L'histoire: Que feriez-vous si vous connaissiez le jour et l'heure exacts de votre mort? Pour Charlie Grant, ce sera le 21 janvier à 8 heures précises, dans quatre jours. Comme ses deux meilleures amies.
Et elle souhaite que ce soit l'inspectrice D.D. Warren de la police de Boston qui se charge de l'enquête. Prise par la traque d'un tueur de pédophiles, D.D. Accepte à contrecœur. Mais dès qu'elle plonge dans le passé de la jeune femme, son instinct lui souffle que celle-ci ne lui a pas tout dit...
Un coupable peut en cacher un autre: avec Lisa Gardner, il faut toujours se méfier des apparences!

La critique de Mr K: Je dois avouer que ma dernière incursion chez Lisa Gardner m'avait quelques peu refroidi. Passé le bonheur de lecture procuré par deux / trois romans, j'avais trouvé Tu ne m'échapperas pas surfait et finalement anecdotique. L'adage populaire dit que l'occasion fait le larron et elle s'est présentée pour lire sa dernière production. Bien m'en a pris car à défaut d'inventer l'eau chaude, Lisa Gardner nous sert un page-turner efficace et rondement mené.

Alternativement, chapitre après chapitre, nous côtoyons une jeune fille (Charlie) persuadée qu'elle va être assassinée dans trois jours à la même date que ses deux meilleures amies aux deux années précédentes. Obsessionnelle, préparée à cette échéance (combat rapproché, tir, musculation), elle contacte D.D. Warren, l'enquêtrice de choc et de charme récurrente dans l'œuvre de Gardner. Cette dernière ne prête au premier abord qu'une oreille discrète aux élucubrations de cette jeune femme en détresse et visiblement borderline. En effet, elle a une enquête autrement plus importante à ses yeux à mener sur une série de meurtres où les victimes sont toutes des pédophiles repentis ou non.
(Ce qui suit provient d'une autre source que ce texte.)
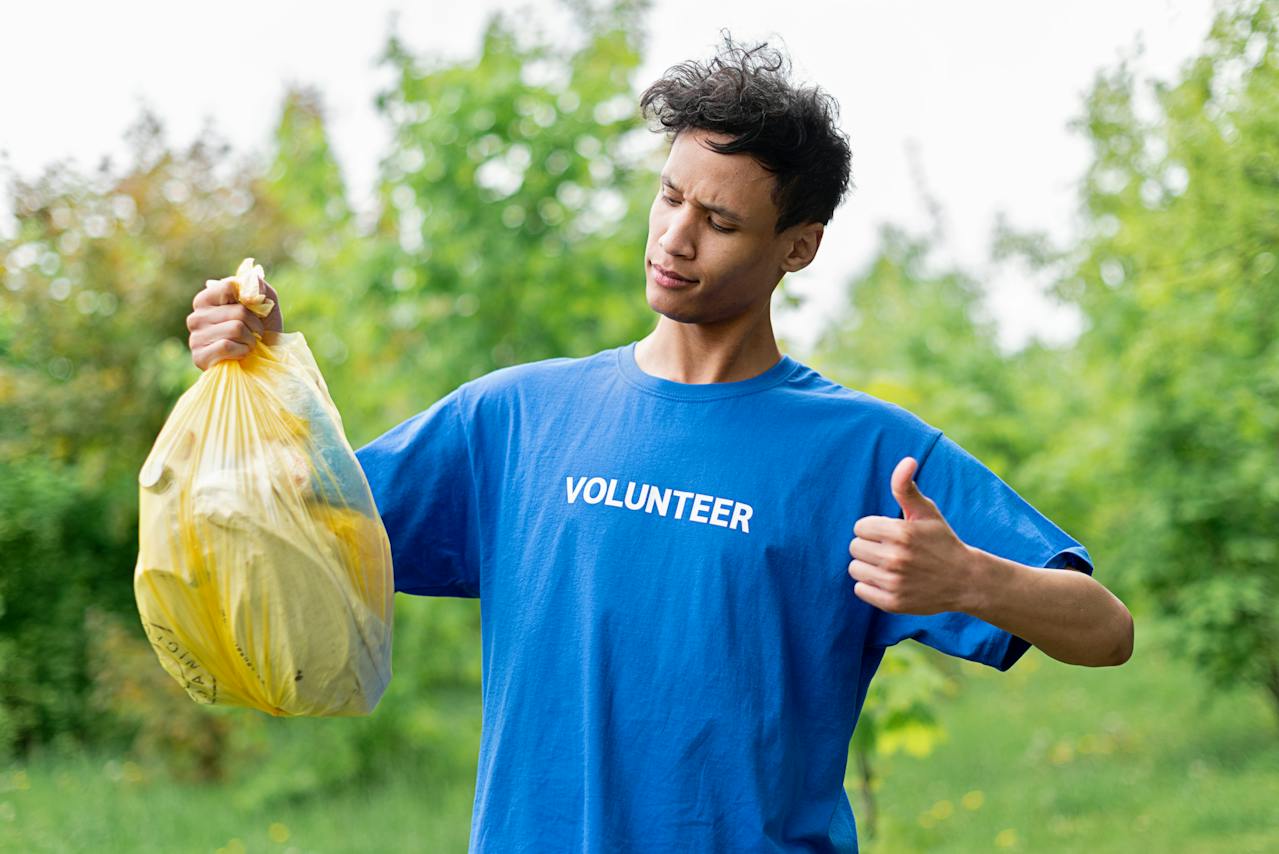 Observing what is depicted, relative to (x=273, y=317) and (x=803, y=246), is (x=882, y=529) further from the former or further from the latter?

Maman depuis quatre semaines, Warren passe des nuits agitées et doit cependant se consacrer entièrement à cette enquête qui l'émeut profondément. Dernier point de vue développé, celui d'un gamin de huit ans (Jesse) qui fréquente un site de jeu en ligne pour enfants... malheureusement pour lui, on peut y faire de très mauvaises rencontres. De ces trois personnages, trois intrigues vont bien évidemment converger vers un final haletant dont Lisa Gardner a le secret. Belle petite claque que ce Arrêtez-moi.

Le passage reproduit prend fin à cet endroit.